I'd be shocked if your Quaker Meeting ever swelled it's ranks to 22% black to match the city of Lansing. It's way more about education, background, and, yes, even income.
I can't speak for the chronically poor and on the edge but being homeless for a week I can assure you my thoughts weren't broad thoughts of world peace, the nature of mankind and such. My thoughts were concrete, practical, and short-term. My kids weren't homeschooled, I didn't have a clue what was going on with the healthcare bill, and I knew nothing of international situations. Those are concerns of people comfortable enough to have time, energy, and resources to divert from direct survival issues. I didn't have time to feel sorry for myself but was greatly distressed to see a homeless family's car, with every last belonging, impounded.
That's not about race per se but I don't see the Friends matching Lansing's economic demographic because they built here. I think they'd far more likely match the racial-economic profile of the community if they built in Okemos; I can't say East Lansing because incomes of even the most economically privileged students will misleadingly skew averages downward.

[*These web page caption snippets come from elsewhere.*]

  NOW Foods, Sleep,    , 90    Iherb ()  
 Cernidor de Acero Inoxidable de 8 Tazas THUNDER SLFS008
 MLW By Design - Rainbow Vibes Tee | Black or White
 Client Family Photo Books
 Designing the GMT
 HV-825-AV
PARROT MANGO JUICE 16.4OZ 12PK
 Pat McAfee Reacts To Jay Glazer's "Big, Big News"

I've been intrigued about this idea of blackness I've absorbed since childhood and what it really means. As an adult (yes, it can take me quite some time to get a clue) I've learned blackness isn't a monolith. There as much diversity in the black community as any other *but* there seems to be a bigger rift between those who've been here for generation having the history of slavery and the civil rights movement shape parents and grandparents versus those who've come more recently from Africa or the Caribbean. Once again my perspectives most likely skewed because as a child all the black folks I knew were in academia or family of those in academia. (Which could be a way of saying more likely to be Quakers! LOL)

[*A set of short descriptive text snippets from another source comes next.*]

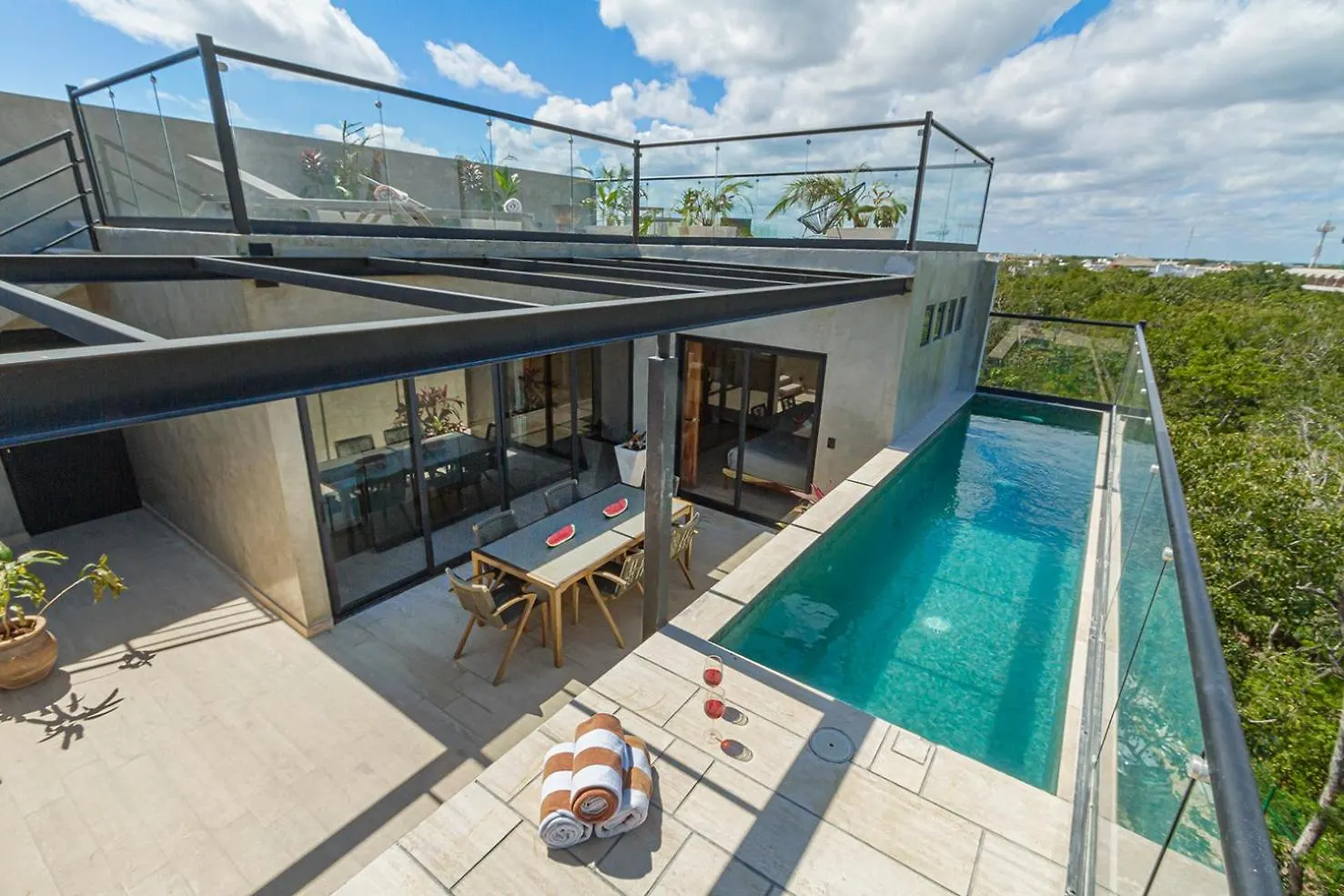Impresionante Condominio Tuk Tulum 0*,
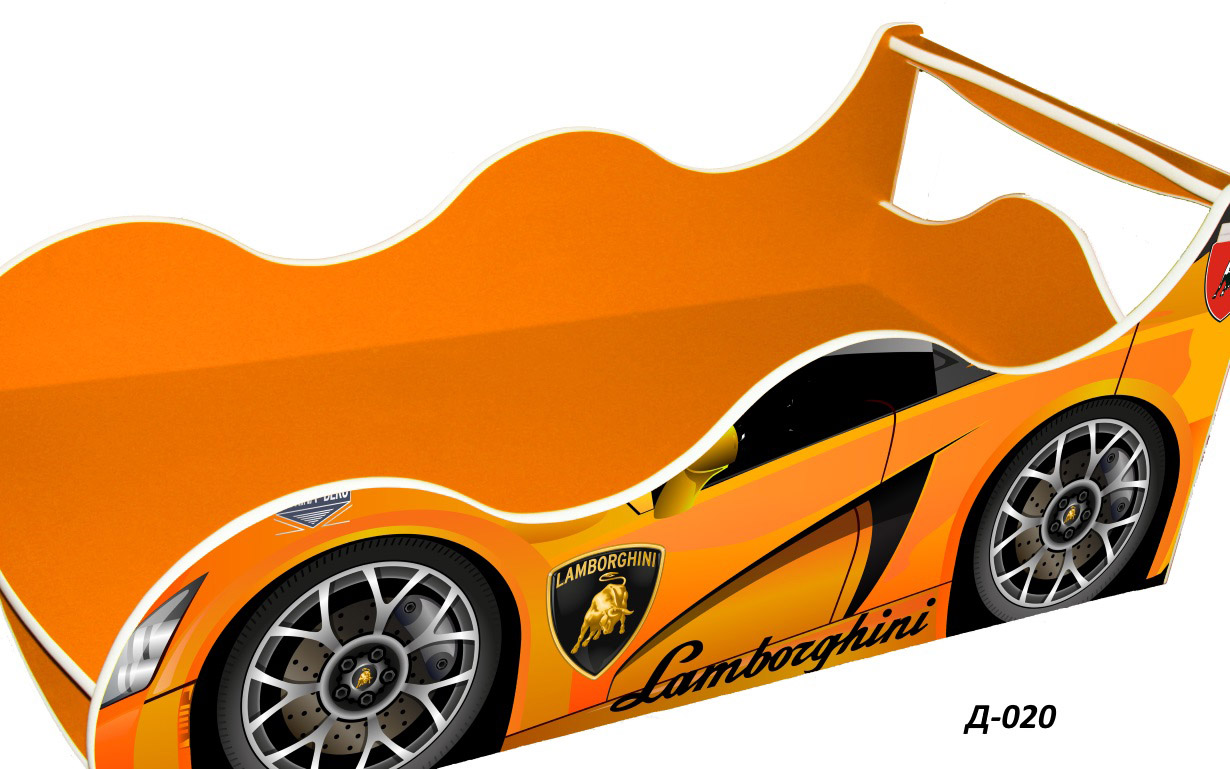 Кровать детская Драйв с механизмом - Фото_24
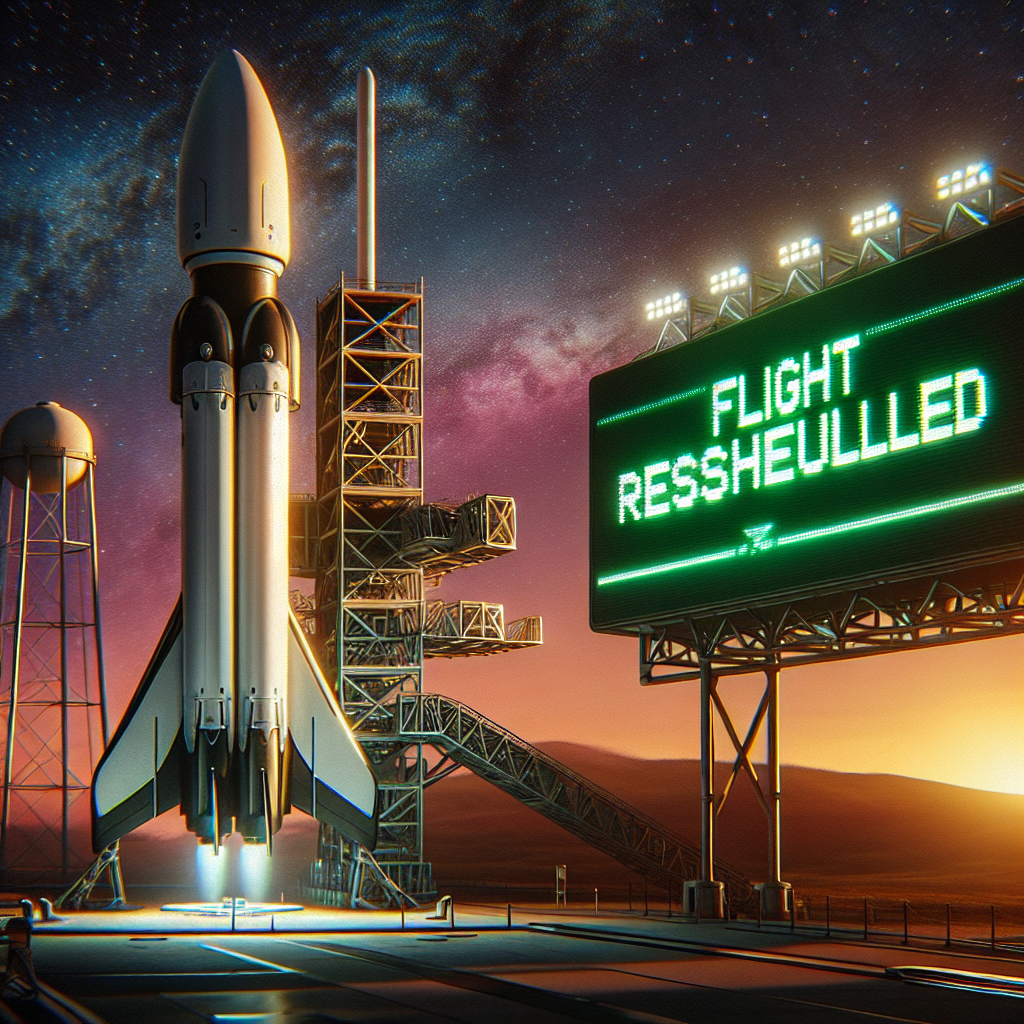 SpaceX Reschedules Starship Test Flight for Thursday After Last-Minute Cancellation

I bring this up because, now remember I'm not a historian but an armchair observer, I think the perspective of a group who's concerned about social and economic justice and working to right things where they see wrong is very different from groups that live economic and social injustice and seek to survive first and change second. They *can* make good allies if the privileged class is sensitive, respectful, and doesn't come across as knowing it all, having it all, and just needing the needy to follow their plan. That's so offensive. I've had a misguided person treat me that way and it rankles. I could not be in fellowship with a group of people like her. As it is I only have an ongoing relationship with her because we are related. Back to my point it's hard to relate to someone as an insider if they don't have any skin in the game. Lansing schools have a lot of suckiness. It's hard to feel people are truly with you in the fight if their kids are homeschooled, private schooled, or schooled in neighboring districts with excellent reputations. Folks know which people working diligently alongside them could pull out instantly without long-term negative repercussions for them and theirs. It's much harder to have the same sort of deep intimacy with such folks.
The advantage I see the Quakers have is if someone decides to speak up about the negative words and attitudes they've received, the community is far more likely to listen, take the message/perspective to heart and reflect on it than to dismiss it as an isolated fluke like the religious communities I've been in.